Affordable Access

Relatedness of Streptococcus suis Isolates of Various Serotypes and Clinical Backgrounds as Evaluated by Macrorestriction Analysis and Expression of Potential Virulence Traits

Authors
  • Achim Allgaier
  • Ralph Goethe
  • Henk J. Wisselink
  • Hilde E. Smith
  • Peter Valentin-Weigand
Publisher
American Society for Microbiology
Publication Date
Feb 01, 2001
Source
PMC
Keywords
Disciplines
  • Biology
License
Unknown

Abstract

We evaluated the genetic diversity of Streptococcus suis isolates of different serotypes by macrorestriction analysis and elucidated possible relationships between the genetic background, expression of potential virulence traits, and source of isolation. Virulence traits included expression of serotype-specific polysaccharides, muramidase-released protein (MRP), extracellular protein factor (EF), hemolysin activity, and adherence to epithelial cells.

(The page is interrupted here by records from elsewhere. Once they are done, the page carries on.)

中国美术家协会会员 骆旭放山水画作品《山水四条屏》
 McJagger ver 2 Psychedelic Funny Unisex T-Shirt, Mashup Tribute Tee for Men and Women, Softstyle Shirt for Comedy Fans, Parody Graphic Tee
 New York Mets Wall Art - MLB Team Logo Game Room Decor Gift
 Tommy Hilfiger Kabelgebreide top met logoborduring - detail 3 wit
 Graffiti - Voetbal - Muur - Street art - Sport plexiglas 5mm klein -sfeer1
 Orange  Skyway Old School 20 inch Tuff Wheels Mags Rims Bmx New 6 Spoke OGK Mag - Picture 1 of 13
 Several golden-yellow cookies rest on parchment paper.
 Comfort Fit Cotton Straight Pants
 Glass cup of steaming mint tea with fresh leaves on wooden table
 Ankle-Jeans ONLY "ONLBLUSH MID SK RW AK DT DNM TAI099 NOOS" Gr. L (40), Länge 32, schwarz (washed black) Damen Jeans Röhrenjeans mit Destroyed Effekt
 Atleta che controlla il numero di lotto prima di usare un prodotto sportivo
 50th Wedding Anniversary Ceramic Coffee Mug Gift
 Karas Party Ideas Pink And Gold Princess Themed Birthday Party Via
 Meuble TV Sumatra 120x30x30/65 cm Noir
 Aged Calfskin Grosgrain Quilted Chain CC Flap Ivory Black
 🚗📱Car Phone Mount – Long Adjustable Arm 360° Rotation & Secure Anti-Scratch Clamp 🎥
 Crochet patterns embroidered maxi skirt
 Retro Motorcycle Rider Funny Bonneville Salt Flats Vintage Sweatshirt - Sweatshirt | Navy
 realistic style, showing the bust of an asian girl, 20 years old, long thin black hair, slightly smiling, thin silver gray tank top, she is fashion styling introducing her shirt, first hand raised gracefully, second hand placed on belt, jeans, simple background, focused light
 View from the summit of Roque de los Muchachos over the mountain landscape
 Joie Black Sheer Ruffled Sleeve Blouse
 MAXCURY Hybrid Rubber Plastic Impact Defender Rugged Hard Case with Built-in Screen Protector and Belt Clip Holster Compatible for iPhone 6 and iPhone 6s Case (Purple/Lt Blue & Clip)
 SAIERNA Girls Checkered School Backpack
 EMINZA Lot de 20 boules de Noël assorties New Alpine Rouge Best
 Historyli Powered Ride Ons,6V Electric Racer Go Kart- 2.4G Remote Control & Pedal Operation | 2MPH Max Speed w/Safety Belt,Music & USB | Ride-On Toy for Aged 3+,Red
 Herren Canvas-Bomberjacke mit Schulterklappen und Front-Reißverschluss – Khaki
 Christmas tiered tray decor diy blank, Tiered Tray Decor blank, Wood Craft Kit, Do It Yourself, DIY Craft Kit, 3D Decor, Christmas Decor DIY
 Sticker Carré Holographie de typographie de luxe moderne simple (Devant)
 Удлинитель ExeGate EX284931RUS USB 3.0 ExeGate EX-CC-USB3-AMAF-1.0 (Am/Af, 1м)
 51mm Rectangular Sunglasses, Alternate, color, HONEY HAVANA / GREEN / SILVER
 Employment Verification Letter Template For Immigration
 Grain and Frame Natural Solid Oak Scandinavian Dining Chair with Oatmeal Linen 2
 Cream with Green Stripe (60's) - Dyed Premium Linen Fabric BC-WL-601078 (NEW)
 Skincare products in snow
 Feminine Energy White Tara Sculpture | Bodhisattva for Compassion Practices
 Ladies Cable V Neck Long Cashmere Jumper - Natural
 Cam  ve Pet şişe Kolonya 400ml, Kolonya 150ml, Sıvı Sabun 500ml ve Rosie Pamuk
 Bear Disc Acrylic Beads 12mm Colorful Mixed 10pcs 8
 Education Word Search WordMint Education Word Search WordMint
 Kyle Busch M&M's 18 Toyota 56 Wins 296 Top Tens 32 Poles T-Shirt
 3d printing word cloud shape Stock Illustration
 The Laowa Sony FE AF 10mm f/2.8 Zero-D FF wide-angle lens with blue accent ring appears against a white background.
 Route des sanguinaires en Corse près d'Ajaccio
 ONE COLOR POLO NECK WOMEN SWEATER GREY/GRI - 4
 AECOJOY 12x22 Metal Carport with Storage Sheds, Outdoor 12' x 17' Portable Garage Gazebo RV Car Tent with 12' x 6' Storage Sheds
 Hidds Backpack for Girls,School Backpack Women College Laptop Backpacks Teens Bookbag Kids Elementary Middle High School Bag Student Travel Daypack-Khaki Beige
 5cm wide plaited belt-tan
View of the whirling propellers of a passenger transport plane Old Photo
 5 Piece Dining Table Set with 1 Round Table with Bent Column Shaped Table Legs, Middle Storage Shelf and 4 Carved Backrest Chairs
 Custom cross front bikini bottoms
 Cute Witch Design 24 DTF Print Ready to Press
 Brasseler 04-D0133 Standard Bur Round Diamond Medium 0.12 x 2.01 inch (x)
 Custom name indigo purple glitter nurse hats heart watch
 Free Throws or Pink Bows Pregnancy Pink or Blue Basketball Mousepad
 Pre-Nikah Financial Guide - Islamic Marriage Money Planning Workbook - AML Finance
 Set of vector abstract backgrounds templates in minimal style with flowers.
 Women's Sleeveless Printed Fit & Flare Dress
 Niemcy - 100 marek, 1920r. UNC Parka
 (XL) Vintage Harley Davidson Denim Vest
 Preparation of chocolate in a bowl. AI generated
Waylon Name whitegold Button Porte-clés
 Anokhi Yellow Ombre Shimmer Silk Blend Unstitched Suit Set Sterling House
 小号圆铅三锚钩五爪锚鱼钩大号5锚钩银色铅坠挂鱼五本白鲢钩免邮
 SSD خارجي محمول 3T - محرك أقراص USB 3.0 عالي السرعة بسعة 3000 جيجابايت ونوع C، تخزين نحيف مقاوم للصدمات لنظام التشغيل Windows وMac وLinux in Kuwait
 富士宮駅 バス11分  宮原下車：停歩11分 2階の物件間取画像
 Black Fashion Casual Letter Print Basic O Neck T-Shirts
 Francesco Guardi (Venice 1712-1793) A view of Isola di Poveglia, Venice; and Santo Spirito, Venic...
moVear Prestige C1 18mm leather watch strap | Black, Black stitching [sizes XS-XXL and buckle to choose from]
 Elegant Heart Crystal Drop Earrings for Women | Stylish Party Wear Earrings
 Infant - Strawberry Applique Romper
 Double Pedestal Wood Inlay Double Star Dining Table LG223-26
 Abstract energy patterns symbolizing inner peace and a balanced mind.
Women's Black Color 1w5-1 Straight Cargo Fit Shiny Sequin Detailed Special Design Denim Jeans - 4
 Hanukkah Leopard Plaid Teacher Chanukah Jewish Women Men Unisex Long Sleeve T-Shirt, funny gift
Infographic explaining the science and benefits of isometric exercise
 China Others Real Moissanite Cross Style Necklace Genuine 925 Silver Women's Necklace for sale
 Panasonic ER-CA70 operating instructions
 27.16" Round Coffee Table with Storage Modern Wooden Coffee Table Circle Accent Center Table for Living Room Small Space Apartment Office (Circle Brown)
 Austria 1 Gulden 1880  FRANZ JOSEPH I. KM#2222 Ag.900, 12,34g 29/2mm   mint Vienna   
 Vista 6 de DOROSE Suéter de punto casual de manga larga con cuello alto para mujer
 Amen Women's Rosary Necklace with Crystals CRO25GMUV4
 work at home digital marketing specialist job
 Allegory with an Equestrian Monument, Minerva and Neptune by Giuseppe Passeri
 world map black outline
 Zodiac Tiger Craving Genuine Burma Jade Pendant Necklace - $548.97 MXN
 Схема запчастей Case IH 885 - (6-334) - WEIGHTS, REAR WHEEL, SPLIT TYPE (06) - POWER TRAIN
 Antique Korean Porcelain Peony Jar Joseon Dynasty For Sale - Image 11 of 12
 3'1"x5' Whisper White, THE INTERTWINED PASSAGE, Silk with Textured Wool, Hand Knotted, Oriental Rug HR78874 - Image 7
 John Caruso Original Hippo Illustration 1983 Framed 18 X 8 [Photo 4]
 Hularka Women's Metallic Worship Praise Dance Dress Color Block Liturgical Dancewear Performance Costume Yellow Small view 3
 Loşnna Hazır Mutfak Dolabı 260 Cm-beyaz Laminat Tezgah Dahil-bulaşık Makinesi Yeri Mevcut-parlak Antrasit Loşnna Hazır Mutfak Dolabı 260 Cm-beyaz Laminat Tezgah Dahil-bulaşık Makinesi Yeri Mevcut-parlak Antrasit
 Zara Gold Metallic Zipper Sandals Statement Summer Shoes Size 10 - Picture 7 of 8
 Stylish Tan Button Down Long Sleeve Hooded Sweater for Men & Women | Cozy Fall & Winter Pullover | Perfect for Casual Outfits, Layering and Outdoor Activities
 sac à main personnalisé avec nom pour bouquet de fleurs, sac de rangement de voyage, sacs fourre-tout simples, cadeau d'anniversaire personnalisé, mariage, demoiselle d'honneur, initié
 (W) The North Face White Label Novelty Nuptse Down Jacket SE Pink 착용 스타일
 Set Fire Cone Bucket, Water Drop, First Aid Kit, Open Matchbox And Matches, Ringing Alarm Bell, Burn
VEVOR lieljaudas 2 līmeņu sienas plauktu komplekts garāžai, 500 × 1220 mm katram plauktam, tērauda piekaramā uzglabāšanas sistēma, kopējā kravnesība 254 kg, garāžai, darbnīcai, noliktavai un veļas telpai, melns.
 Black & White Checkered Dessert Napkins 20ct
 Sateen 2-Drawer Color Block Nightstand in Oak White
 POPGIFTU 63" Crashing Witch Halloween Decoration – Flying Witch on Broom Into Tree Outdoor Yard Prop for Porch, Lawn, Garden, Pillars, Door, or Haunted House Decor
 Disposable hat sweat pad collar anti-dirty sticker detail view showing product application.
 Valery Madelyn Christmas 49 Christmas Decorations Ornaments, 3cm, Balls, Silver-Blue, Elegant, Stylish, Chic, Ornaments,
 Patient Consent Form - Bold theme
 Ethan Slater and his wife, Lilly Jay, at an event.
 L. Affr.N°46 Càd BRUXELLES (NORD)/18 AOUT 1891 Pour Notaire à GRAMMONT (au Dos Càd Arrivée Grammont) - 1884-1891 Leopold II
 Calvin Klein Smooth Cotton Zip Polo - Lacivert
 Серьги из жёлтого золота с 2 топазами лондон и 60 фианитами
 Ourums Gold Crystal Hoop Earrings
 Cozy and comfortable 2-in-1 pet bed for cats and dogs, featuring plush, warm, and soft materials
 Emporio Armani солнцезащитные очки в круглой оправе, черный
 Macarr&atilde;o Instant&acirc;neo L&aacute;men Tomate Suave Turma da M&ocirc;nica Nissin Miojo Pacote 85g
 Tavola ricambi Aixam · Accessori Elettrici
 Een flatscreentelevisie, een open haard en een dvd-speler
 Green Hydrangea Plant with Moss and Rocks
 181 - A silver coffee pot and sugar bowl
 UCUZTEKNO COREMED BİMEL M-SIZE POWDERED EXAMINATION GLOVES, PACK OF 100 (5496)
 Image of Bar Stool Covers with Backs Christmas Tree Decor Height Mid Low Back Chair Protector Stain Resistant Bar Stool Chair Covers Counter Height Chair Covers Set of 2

Macrorestriction analysis of streptococcal DNA digested with restriction enzymes SmaI and ApaI allowed differentiation of single isolates that could be assigned to four major clusters, named A1, A2, B1, and B2. Comparison of the genotypic and phenotypic features of the isolates with their source of isolation showed that (i) the S. suis population examined, which originated mainly from German pigs, exhibited a genetic diversity and phenotypic patterns comparable to those found for isolates from other European countries; (ii) certain phenotypic features, such as the presence of capsular antigens of serotypes 2, 1, and 9, expression of MRP and EF, and hemolysin activity (and in particular, combinations of these features), were strongly associated with the clinical background of meningitis and septicemia; and (iii) isolates from pigs with meningitis and septicemia showed a significantly higher degree of genetic homogeneity compared to that for isolates from pigs with pneumonia and healthy pigs. Since the former isolates are considered highly virulent, this supports the theory of a clonal relationship among highly virulent strains.